Use ADAGRAD to train the classifier which separates the training data into it’s respective categories
- Initialize all weights(w) to zero. Size of the weight parameter is 47236x1, i.e. equal to the number of features for each article. Initialize the transformation matrix ‘G’ as an identity matrix
- Update ‘w’ upto ‘i’ iterations w.r.t to the computed gradient and the transformation matrix
- Update value determination: a. Choose a subset of B data points form the training set b. Compute the predicted value of the selected data points with the current w. Select the points, labels with values (label) < 1 c. Compute the gradient on the selected false prediction points. Update the value of the weights based on the Mahala Nobis norm d. Compute the updated value of the transformation matrix G Repeat the process for ‘i’ iterations
The above plot describes the training error vs no. of iterations for different regularization parameters. It can be viewed that very high values of the regularization parameter results in almost zero update in the error. This is since the loss converges to the minimum at a very low pace such that the convergence is almost zero. Very low values of the regularization parameter such as 1e-15 will increase the step size of the update to a very high value. This will result in missing the global minimum of the loss function which results in the oscillation of the loss. From the graph we can observe that regularization value of 1e-08 is optimal for our solution since it converges quickly to the global minimum and gives the least error while compared to the other values.
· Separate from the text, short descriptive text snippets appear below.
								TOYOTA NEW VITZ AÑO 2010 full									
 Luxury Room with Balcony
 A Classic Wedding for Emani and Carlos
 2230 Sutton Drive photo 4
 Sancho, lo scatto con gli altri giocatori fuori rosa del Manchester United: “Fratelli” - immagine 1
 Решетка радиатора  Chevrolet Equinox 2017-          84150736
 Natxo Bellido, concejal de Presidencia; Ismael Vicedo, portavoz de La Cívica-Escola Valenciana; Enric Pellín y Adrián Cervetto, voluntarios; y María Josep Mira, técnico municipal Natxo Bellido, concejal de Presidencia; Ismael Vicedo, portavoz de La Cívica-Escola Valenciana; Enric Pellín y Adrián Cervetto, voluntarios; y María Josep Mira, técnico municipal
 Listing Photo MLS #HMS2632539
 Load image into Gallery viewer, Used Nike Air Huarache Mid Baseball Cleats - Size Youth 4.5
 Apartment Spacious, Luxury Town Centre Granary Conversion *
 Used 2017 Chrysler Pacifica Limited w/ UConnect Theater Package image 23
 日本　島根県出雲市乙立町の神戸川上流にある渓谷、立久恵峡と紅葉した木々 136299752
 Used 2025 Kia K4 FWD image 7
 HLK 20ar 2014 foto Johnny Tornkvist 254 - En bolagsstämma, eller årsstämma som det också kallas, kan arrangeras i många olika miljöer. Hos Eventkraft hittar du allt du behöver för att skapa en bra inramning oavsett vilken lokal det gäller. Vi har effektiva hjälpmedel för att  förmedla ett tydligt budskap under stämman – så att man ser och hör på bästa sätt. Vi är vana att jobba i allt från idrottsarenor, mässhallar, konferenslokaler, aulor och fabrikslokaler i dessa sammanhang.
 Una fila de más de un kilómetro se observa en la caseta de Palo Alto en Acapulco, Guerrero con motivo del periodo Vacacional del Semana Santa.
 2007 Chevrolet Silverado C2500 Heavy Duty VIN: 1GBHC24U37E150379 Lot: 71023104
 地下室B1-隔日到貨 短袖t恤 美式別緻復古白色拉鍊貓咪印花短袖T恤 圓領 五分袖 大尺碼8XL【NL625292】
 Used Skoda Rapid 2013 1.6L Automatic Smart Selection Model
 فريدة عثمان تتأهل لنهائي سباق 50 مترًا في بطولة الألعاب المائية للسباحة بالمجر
The plot details the training error vs no. of iterations for different batch sizes. The batch size approximates all the points in the data set and gives an expectation of the loss is comparable to the loss acquired by gradient descent. While a batch size of 3000 gives low error an converges quickly, we can also observe that a batch size of 1000 gives equally good results. Taking the batch size to be as low as possible will ensure that the process of updating our weights is not computationally expensive. Since the batch size of 3000 and 1000 both give better results than other sizes, it is advisable to use a batch size of 1000.